Il est indispensable qu’il y ait entente complète entre tous les instructeurs français. Vis-à-vis des Marocains, la moindre trace de désaccord serait désastreuse. Devant eux, on ne discute pas, on exécute. Comme cela, l’image de notre discipline française entrera dans leurs yeux et dans leur tête. Ce sera pour eux un exemple permanent.
Je répète qu’il faut séduire les Marocains, à la française. Celui qui y arrivera, quel que soit son grade, sera un bon ouvrier de la France au Maroc.
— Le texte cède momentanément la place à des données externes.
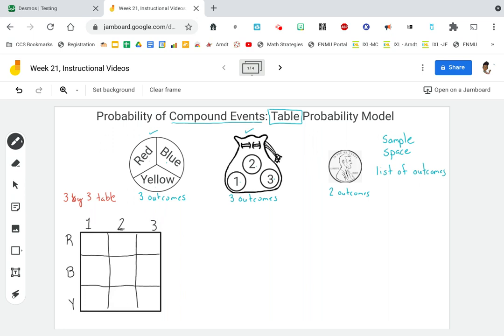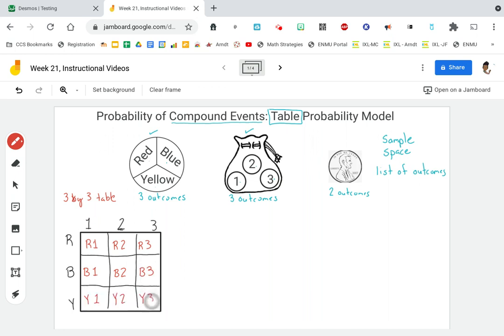So this first cell would represent getting red one, red two, red three, then blue one, blue two, blue three, yellow one, yellow two, and yellow three. But here's the issue — we've only looked at the spinner and the bag. What about the coin? So now we're going to have to incorporate another table. Notice the table that we just made, the three by three table, has nine possible outcomes.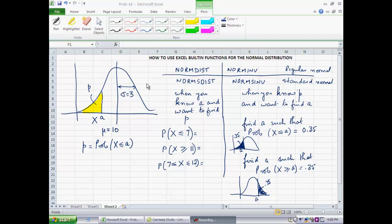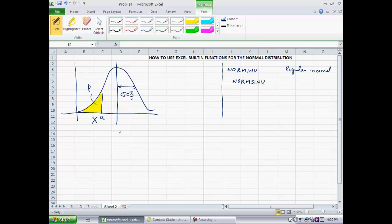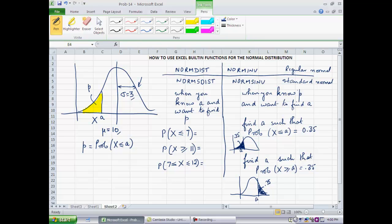Consider a general normal distribution with a mean of 10 and a standard deviation of 3. For reference, notice two letters: A and P. A is simply a position on the x-axis, and P is the area under the normal distribution to the left of A — the shaded yellow portion. So P is equal to the probability of x, which has a normal distribution, being less than A. There are four built-in functions that Excel provides to deal with the normal distribution, and you can categorize them in a systematic way.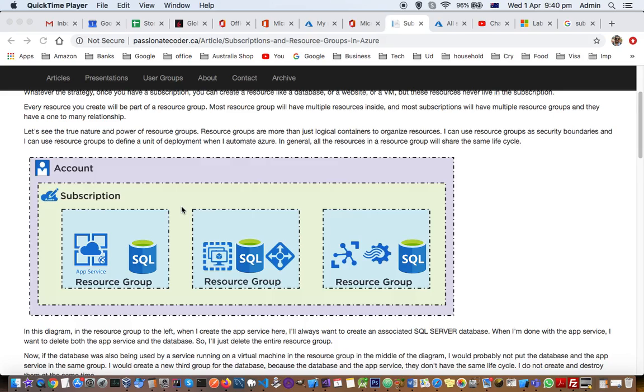Now let's understand what resource groups and resources are. A resource is any service provided by Azure - for example, SQL database, web app, network firewall, and lots of other services provided by Azure.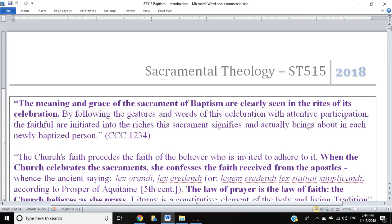What we're going to do is what's called a mystagogical catechesis, or mystagogical theology. We're going to look at the sacrament of baptism by looking at the ritual — the rite — how the Church actually celebrates it. From the rite, we gain knowledge of the meaning of the sacrament itself. Mystagogy means being led into the mystery. I don't have slides because the content is so text-heavy — I want you to see scriptural passages and quotes. Feel free to read along on screen or print the notes off.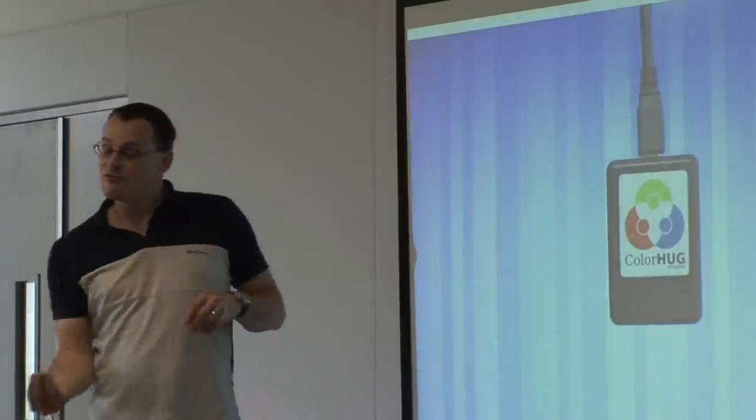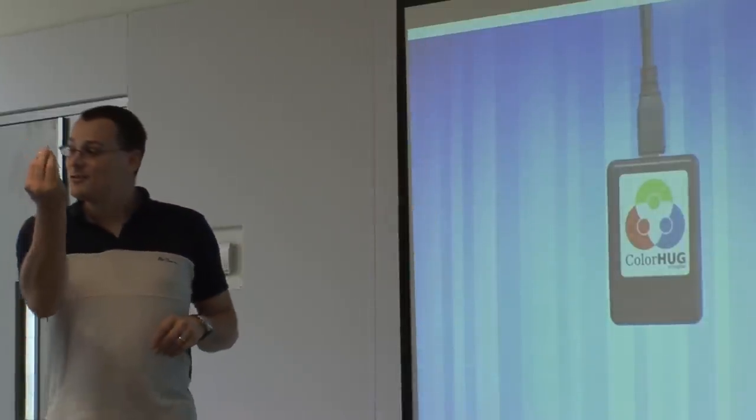Color Hugs are used by animation people, artists, photographers, basically to make their screen look just about how it should do.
Le résultat est assez élevé pour que chaque instructeur y mette toute son intelligence et toute sa bonne volonté, ne cherche pas à ménager sa peine ou à se borner à un travail déterminé, mais se dise qu’ici il faut, en tout, payer de sa personne et mettre la main à tout ».
Justinard applique à la lettre les directives de la note aux instructeurs : il est très proche de ses soldats, les reçoit dans sa maison du quartier du Keddan, partage avec eux des repas à la Kechla de Tamdert, ou le soir, en colonne sous les guitounes, le thé à la menthe, au son du guembri (sorte de petite guitare). Pendant les colonnes, ses soldats sont ses professeurs de chleuh, dialecte berbère encore peu connu des Français à leur arrivée au Maroc ; il note dans un carnet le vocabulaire mais aussi, assez rapidement, les petits contes dictés par ses soldats. Il consigne aussi dans ces carnets tout ce qu’il doit savoir d’eux « voyant les hommes un par un, cherchant à les connaître, eux, leur pays et leurs antécédents », jugeant plus importantes ses notes personnelles que les documents officiels des compagnies.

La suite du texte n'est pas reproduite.